*** THE RECORDS ***

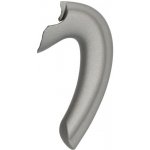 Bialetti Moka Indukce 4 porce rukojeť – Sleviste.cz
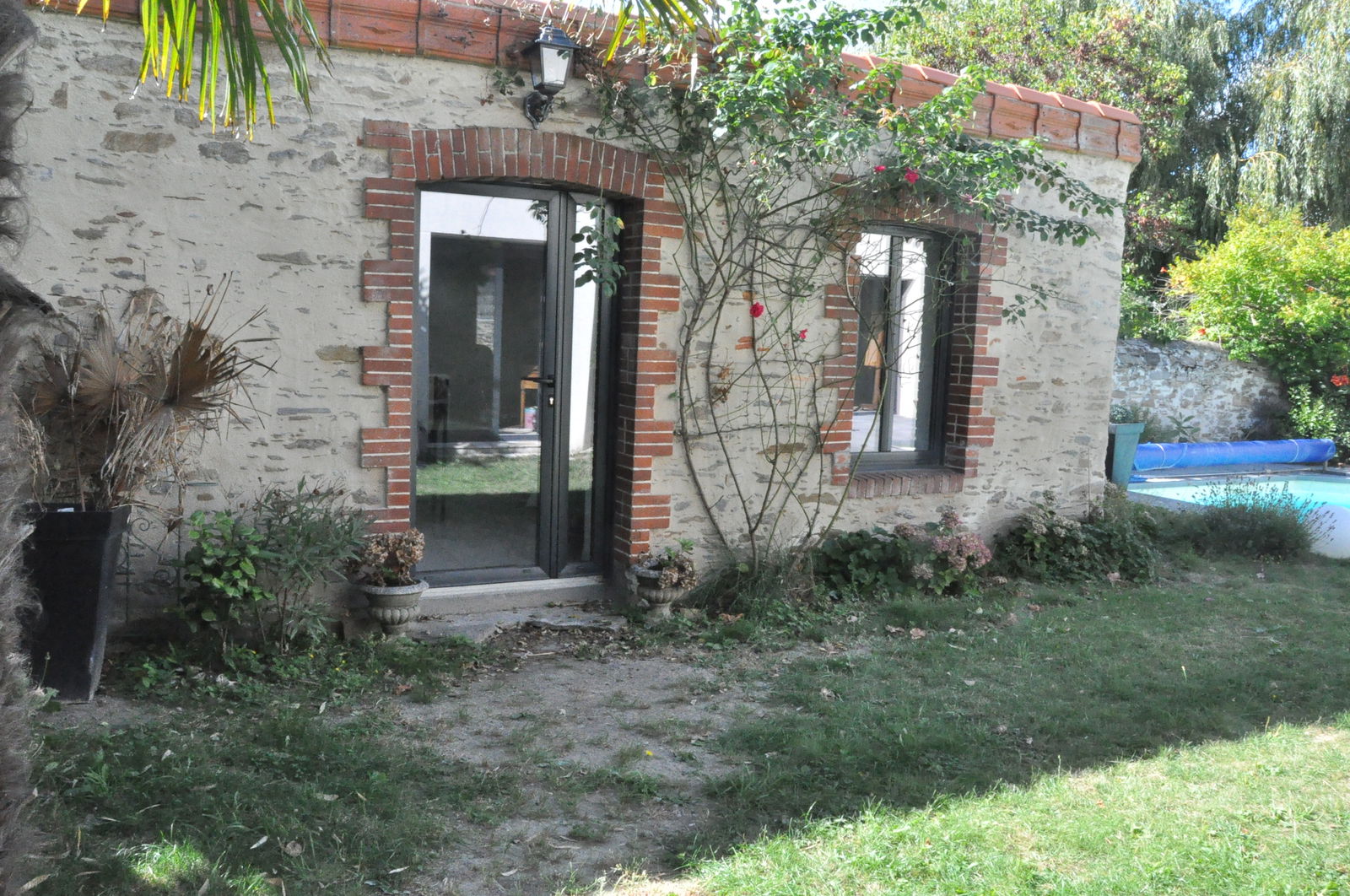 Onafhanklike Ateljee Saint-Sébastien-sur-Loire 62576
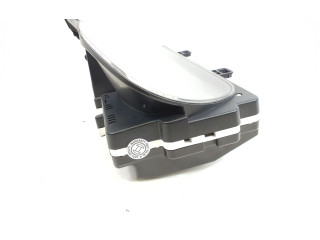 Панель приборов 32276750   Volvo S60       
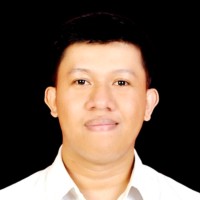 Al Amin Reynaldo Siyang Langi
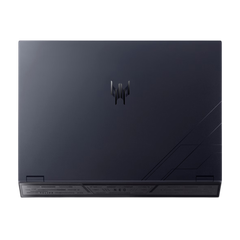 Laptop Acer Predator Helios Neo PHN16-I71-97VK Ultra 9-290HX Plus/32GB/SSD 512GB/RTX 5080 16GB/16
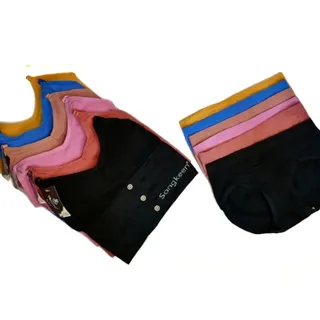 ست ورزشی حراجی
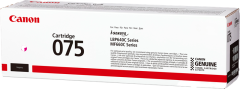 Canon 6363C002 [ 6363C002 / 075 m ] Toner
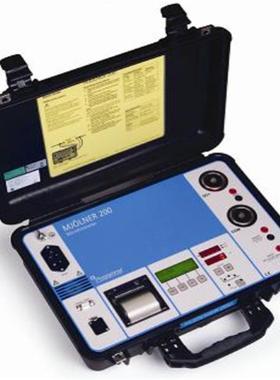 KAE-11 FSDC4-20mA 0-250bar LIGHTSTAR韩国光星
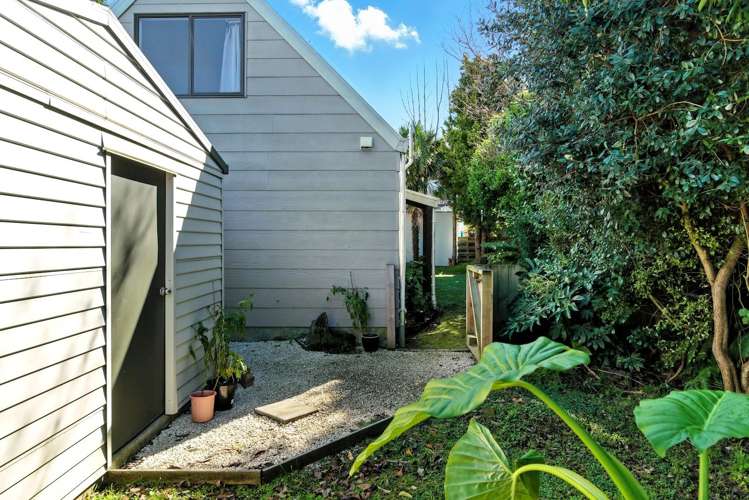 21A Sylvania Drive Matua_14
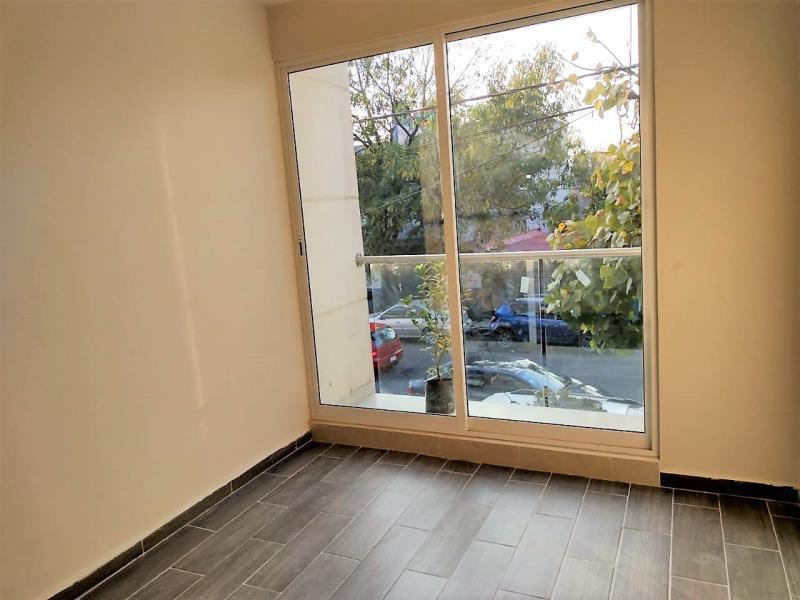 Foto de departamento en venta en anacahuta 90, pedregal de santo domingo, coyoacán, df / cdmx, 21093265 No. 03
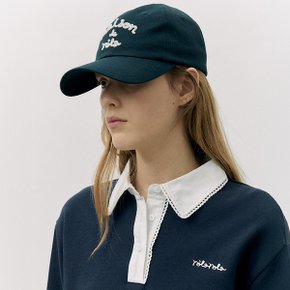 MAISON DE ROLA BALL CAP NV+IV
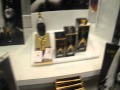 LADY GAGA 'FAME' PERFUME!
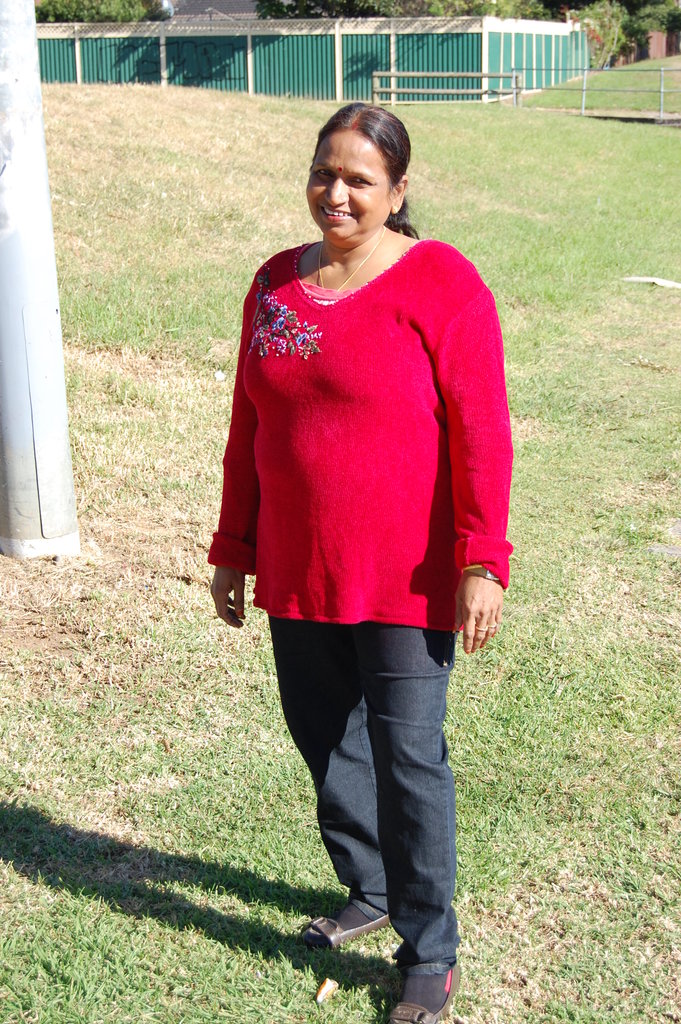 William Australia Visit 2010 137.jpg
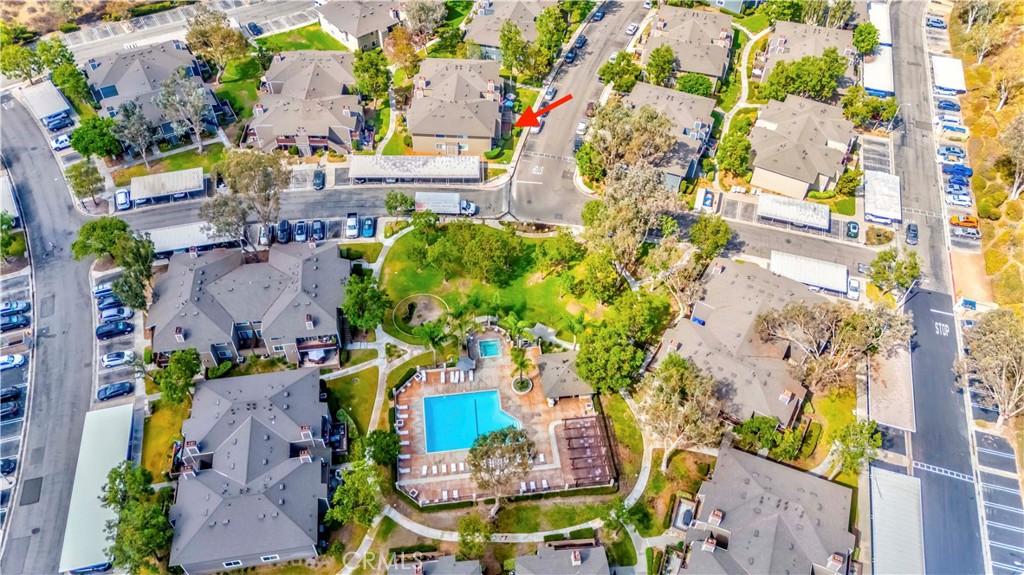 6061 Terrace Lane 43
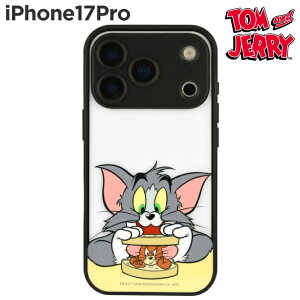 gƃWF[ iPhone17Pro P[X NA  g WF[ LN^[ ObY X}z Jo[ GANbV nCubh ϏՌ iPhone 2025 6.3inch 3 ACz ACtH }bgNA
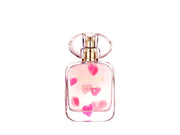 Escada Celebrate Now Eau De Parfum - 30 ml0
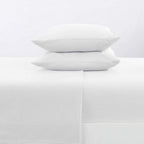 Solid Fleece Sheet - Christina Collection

***
*** THE RECORDS ***

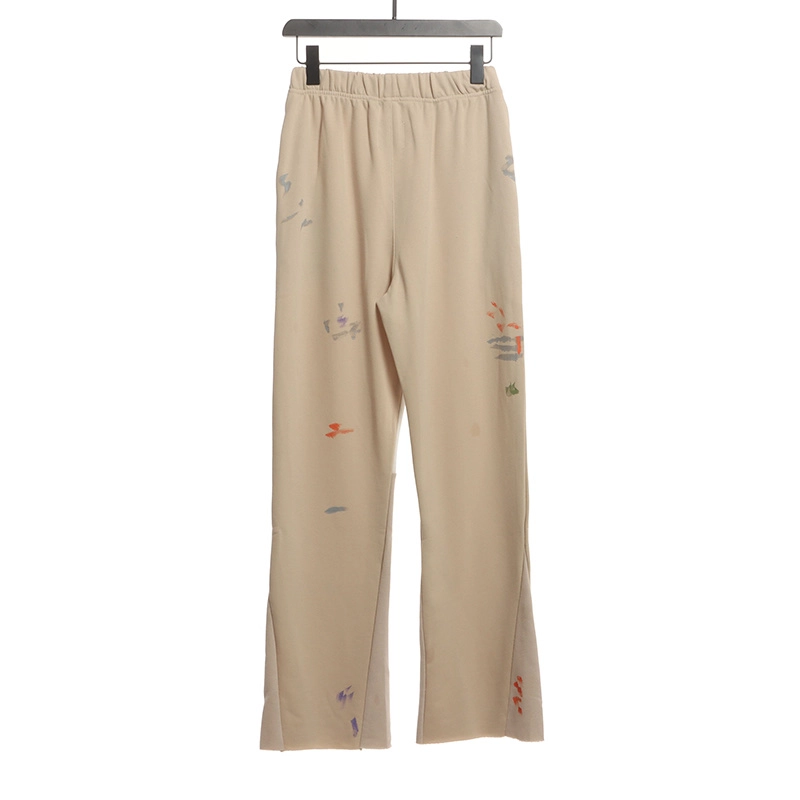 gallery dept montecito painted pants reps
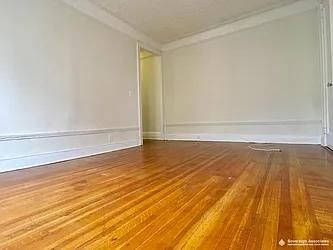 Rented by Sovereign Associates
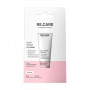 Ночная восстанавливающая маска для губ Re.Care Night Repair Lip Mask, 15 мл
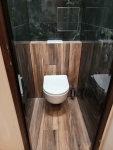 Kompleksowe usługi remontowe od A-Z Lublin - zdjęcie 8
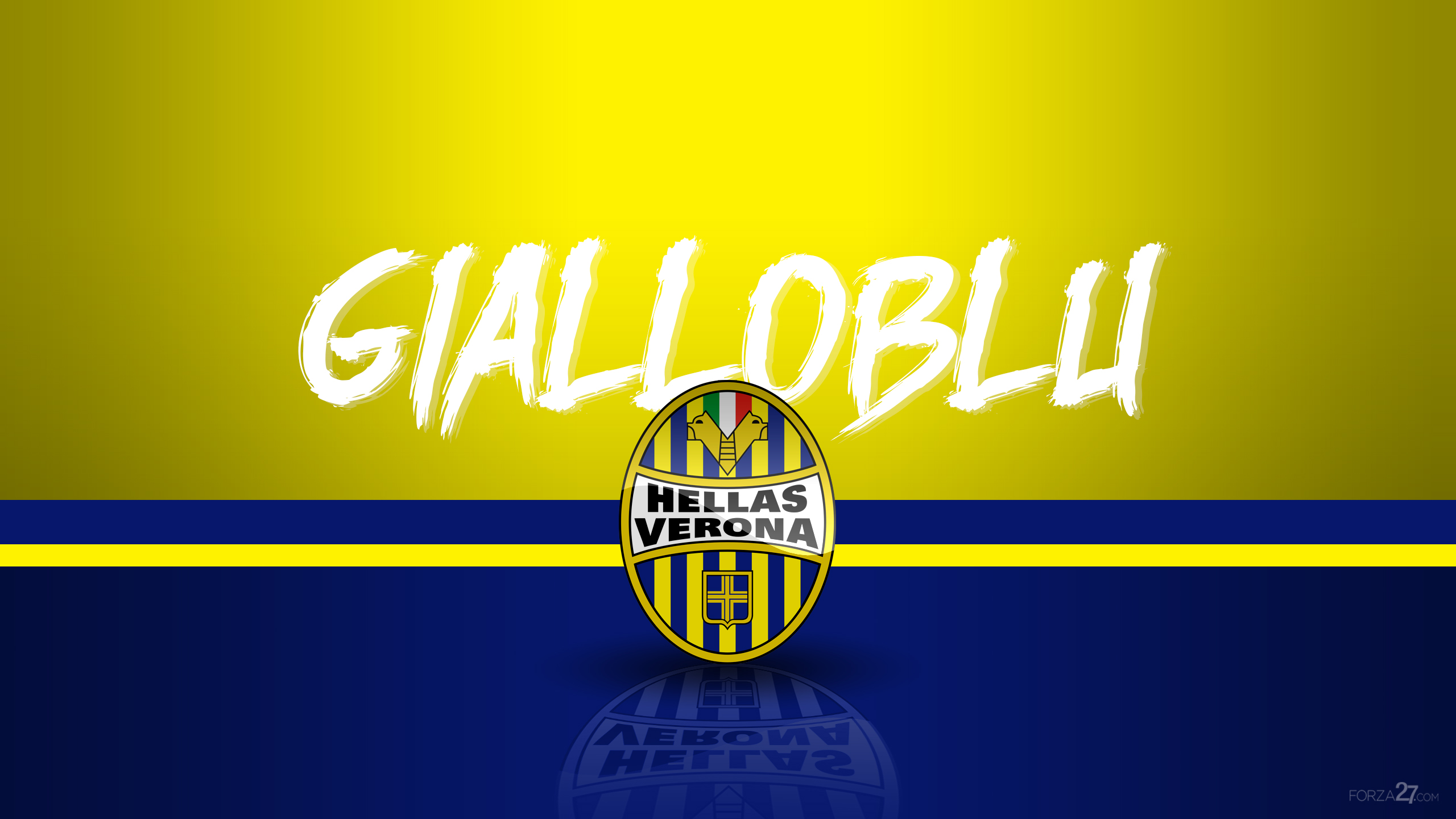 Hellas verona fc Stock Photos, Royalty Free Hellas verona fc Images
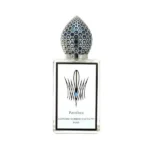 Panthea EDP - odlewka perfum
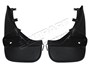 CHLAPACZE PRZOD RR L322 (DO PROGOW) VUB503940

***
*** THE RECORDS ***

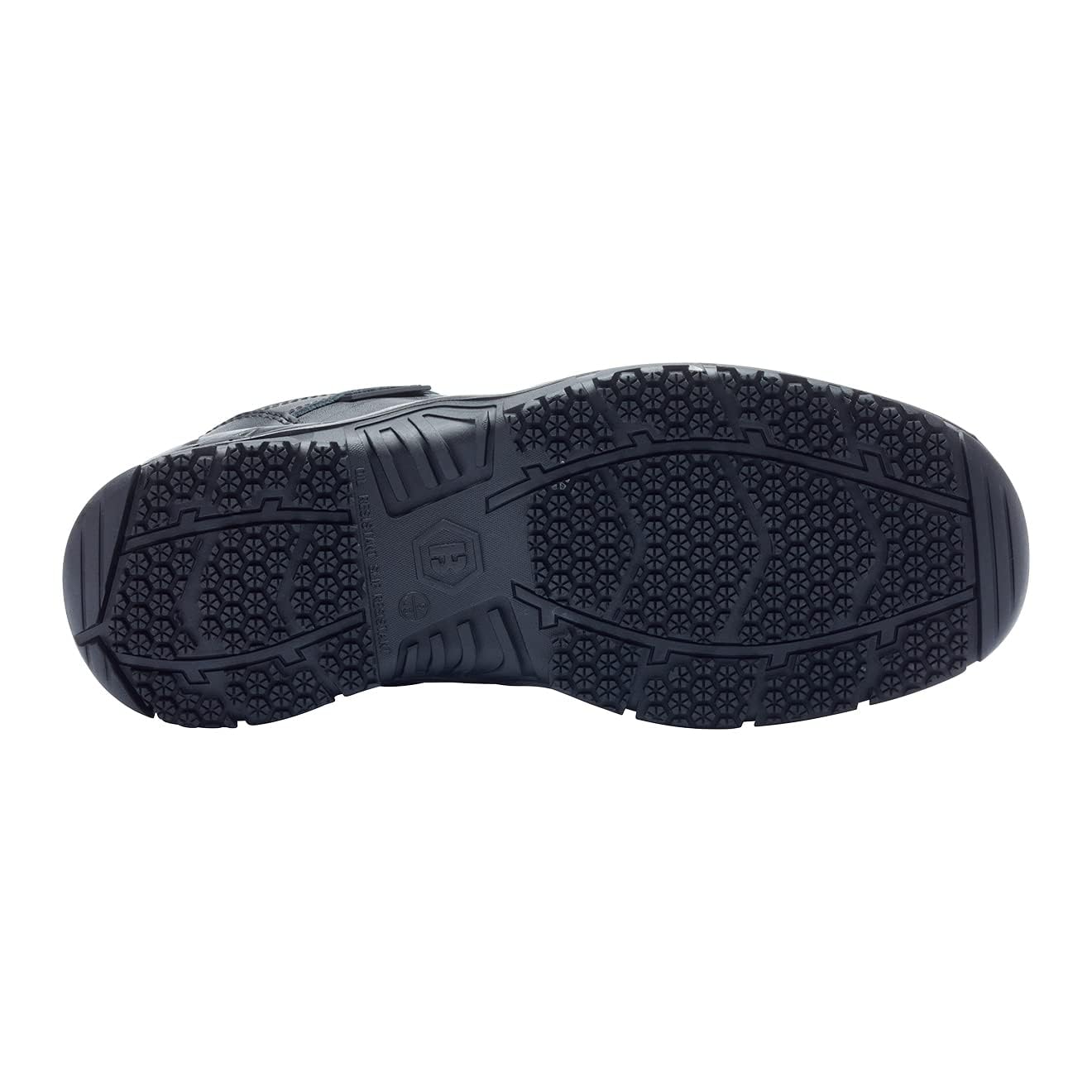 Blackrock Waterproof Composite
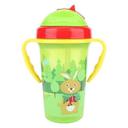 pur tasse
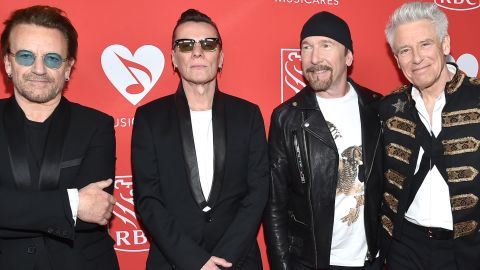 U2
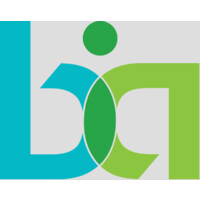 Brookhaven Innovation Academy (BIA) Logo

***

AIM OF THE EXERCISE:
Word for word, repeat the lines above from the one with "Laptop Acer Predator" through the one with "6061 Terrace Lane 43", and nothing beyond them. Omit the pictures.

COMPLETED EXERCISE:
 Laptop Acer Predator Helios Neo PHN16-I71-97VK Ultra 9-290HX Plus/32GB/SSD 512GB/RTX 5080 16GB/16
 ست ورزشی حراجی
 Canon 6363C002 [ 6363C002 / 075 m ] Toner
 KAE-11 FSDC4-20mA 0-250bar LIGHTSTAR韩国光星
 21A Sylvania Drive Matua_14
 Foto de departamento en venta en anacahuta 90, pedregal de santo domingo, coyoacán, df / cdmx, 21093265 No. 03
 MAISON DE ROLA BALL CAP NV+IV
 LADY GAGA 'FAME' PERFUME!
 William Australia Visit 2010 137.jpg
 6061 Terrace Lane 43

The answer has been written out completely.